A Clinical Trial of the Orelabrutinib in the Management of Refractory ITP

Status:
Not yet recruiting
Trial end date:
2024-06-01
Target enrollment:
0
Participant gender:
All
Summary
BTK participates in a variety of signal transduction of innate and adaptive immunity, and has an important role in cell proliferation, differentiation and apoptosis. The impact of BTK inhibitors on hematological malignancies and autoimmune diseases has been well studied. This project was undertaking by Qilu Hospital of Shandong University in China.

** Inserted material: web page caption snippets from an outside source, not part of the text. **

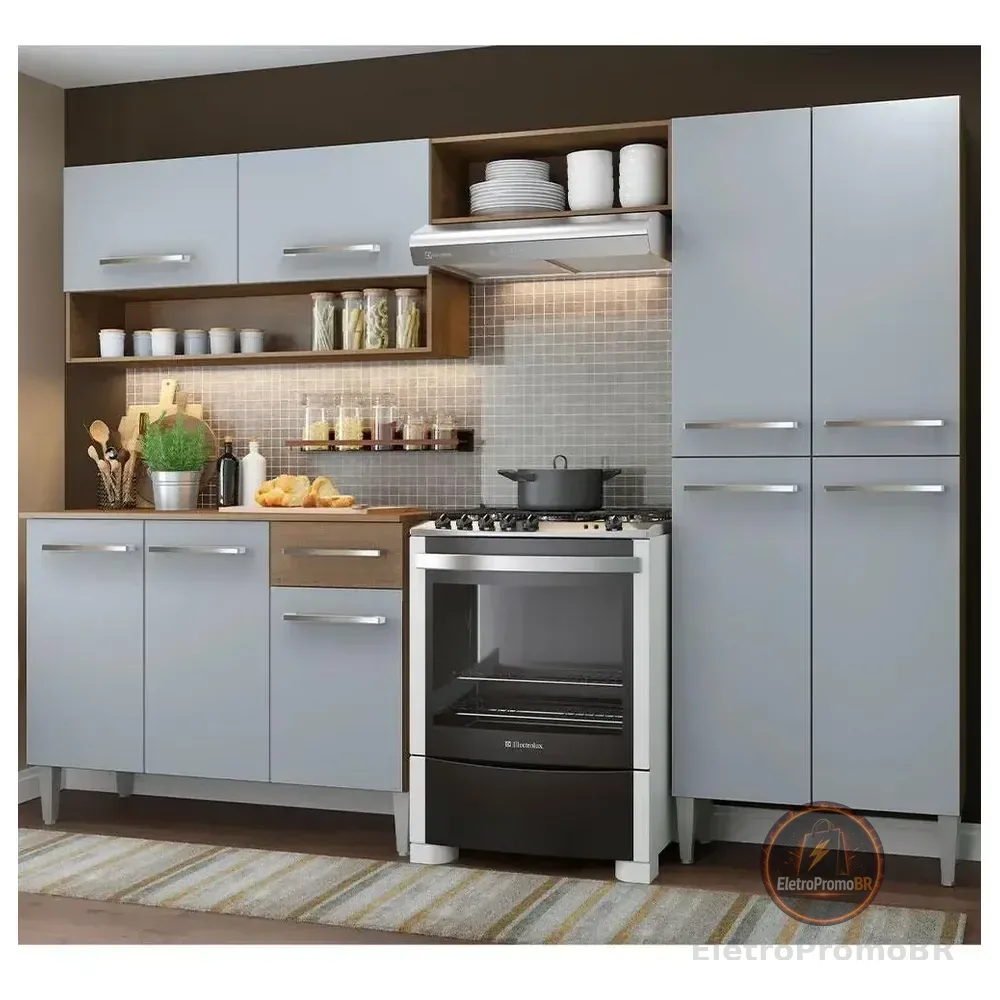 Armário De Cozinha Compacta Completa Modulada Madesa Emilly Pop Com Armário E Balcão Cor Rustic/cinza Grem229002 Rústico/cinza
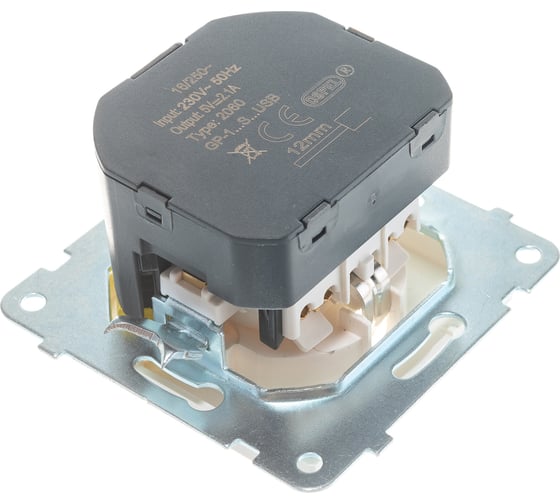 Розетка Ospel Sonata 1-я с/з Schuko+USB-зарядное, устройство, бежевый GP-1RSPUSB/m/27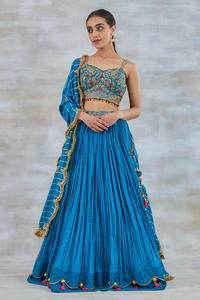 Buy Blue Chanderi Silk Embroidery, Tassels, Crystals Sweetheart Neck ...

In order to report the efficacy and safety of the selective BTK inhibitor Orelabrutinib in the management of refractory ITP.
Phase:
Phase 2
Accepts Healthy Volunteers?
No
Details
Lead Sponsor:
Shandong University
Criteria
Inclusion Criteria:

- Meet the diagnostic criteria for primary immune thrombocytopenia

- To show a platelet count < 30 * 10^9/L, or with bleeding manifestations, or both

- Willing and able to sign written informed consent

- Meet the diagnostic criteria of refractory ITP according to Chinese guidelines

Exclusion Criteria:

- Secondary thrombocytopenia

- severe immune-deficiency or history of primary immunodeficiency

- active or previous malignancy

- HIV virus infection, tuberculosis, or other active infection (sepsis, pneumonia, or
abscess)

- pregnancy or lactation

- diabetes

- hypertension

- cardiovascular diseases

- severe liver or kidney function impairment

- psychosis

- osteoporosis

- inflammatory bowel disease or gastric disease

- arterial or venous thromboembolism within the 6 months before screening or patients
who required anticoagulant treatment

- an organ or haematopoietic stem-cell transplantation

- neutrophil count of less than 1500 cells per mm³; glycosylated haemoglobin less than
8%; partial thromboplastin time 1∙5 times or less the upper limit of normal (ULN)

- clinical electrocardiogram changes

- neoplastic disease within the past 5 years

- corrected QT interval greater than 450 ms for men and greater than 470 ms for women;

- substance misuse within the previous 12 months; and those who could not adhere to the
protocol or were planning to have a surgical procedure in 6 months.